Hacker News new | ask | show | jobs
by hexix 4985 days ago
I'm seeing a lot of these type of comment. The thing is, AWS completely crapped out. Don't believe their status updates that make it sound like it was a tiny little area of their data center. It was pretty much the entire zone and then whenever there is an outage affecting an entire zone it brings down global services and even other zones as well.

We had servers in the bad zone and started having load issues. When I went to use the cool cloud features that are made for this, the entire thing completely fell on its face. I couldn't launch new EC2 servers either because the API was so bogged down, or the new zone I was launching in was restricted because of load.

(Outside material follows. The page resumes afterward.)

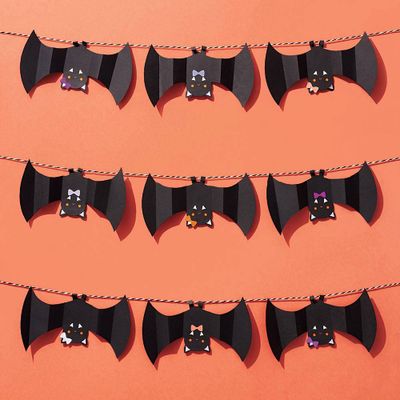 Hanging Bats Halloween Garland Craft Kit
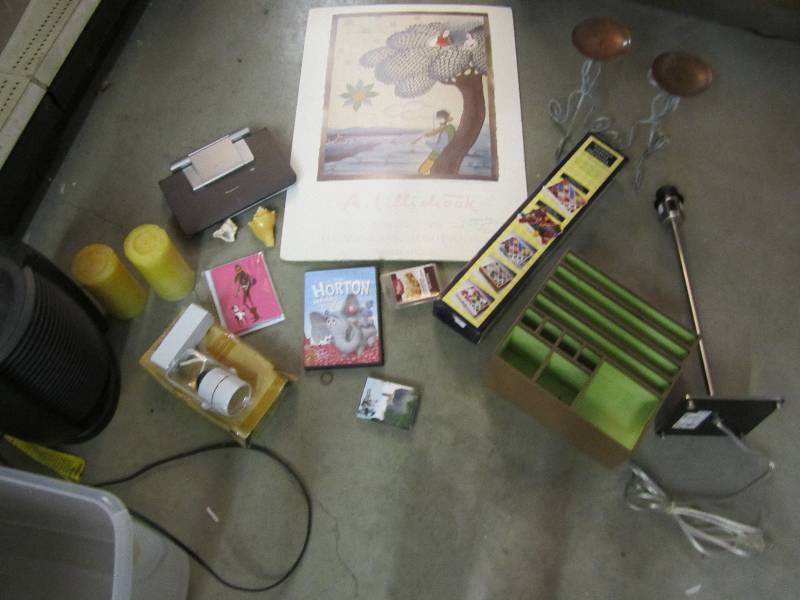 Lot of dcor and household items...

Basically, the thing that nobody keeps in mind when they think it's so cool that you can spin up servers to work around outages is that EVERYONE IS DOING THAT. This is Amazon's entire selling point and when it comes to doing it, it doesn't work!

We were lucky to get some new servers launched before the API pretty much completely went down. They started giving everyone errors saying request limit exceeded. The forums were full of people asking about it.

ELB, Elastic IP, and other services not associated with a single availability zone completely failed. I keep seeing comments saying that if people designed their stuff right, they wouldn't have an issue. That's just completely bull, AWS has serious design flaws and they show up at every outage. It's NOT just people relying on a single zone.

2 comments

Totally Agree. A lot of people don't know this, or substitute alternatives which are not necessarily viable. Among the tenants of reliability is isolation. The nature of Amazon's services is that it isolates at the datacenter level. One should isolate at the level in which they are comfortable taking on failures. Once there is an active dependency, a la EBS, the number of subsystems increase multi-fold and the likelihood of failure & cascading failure dramatically increases.

Where getting a bit from disk to memory used to be: platter -> diskcontroller -> cpu -> memory,

now with SANs & NFS & virtualized block storage, it's: platter -> diskcontroller -> cpu -> memory -> nic -> wire -> switch(es)/router(s)/network configs(human config item) -> wire -> nic -> cpu -> memory.

Not to say that centralized storage doesn't have its benefits, but now the scope of isolation has drastically increased, which when considering the combinatorial possibilities of failure in the prior scenario vs the latter, the latter has a significantly larger chance and mode of failure that is significantly more difficult to programmatically automate failover.

TLDR: With amazon, the scope is isolation is the datacenter. To be on amazon, one must architect and design at the scope of handling failure at the datacenter level, rather than at the host or cluster level.

We didn't have downtime for various reasons but the ELBs we were using failed and the queue of starting instances was too big to see our few ones restarting.

The main systematic issue in EC2 is EBS, take that away and it will almost completely remove downtimes.

The problem with ELBs is that they are themselves EC2 instances and use many of the global services for detecting load, scaling up, etc.. Like all of AWS's value-added services, they are therefore more likely to fail during an outage event, not less likely, as they depend on more services.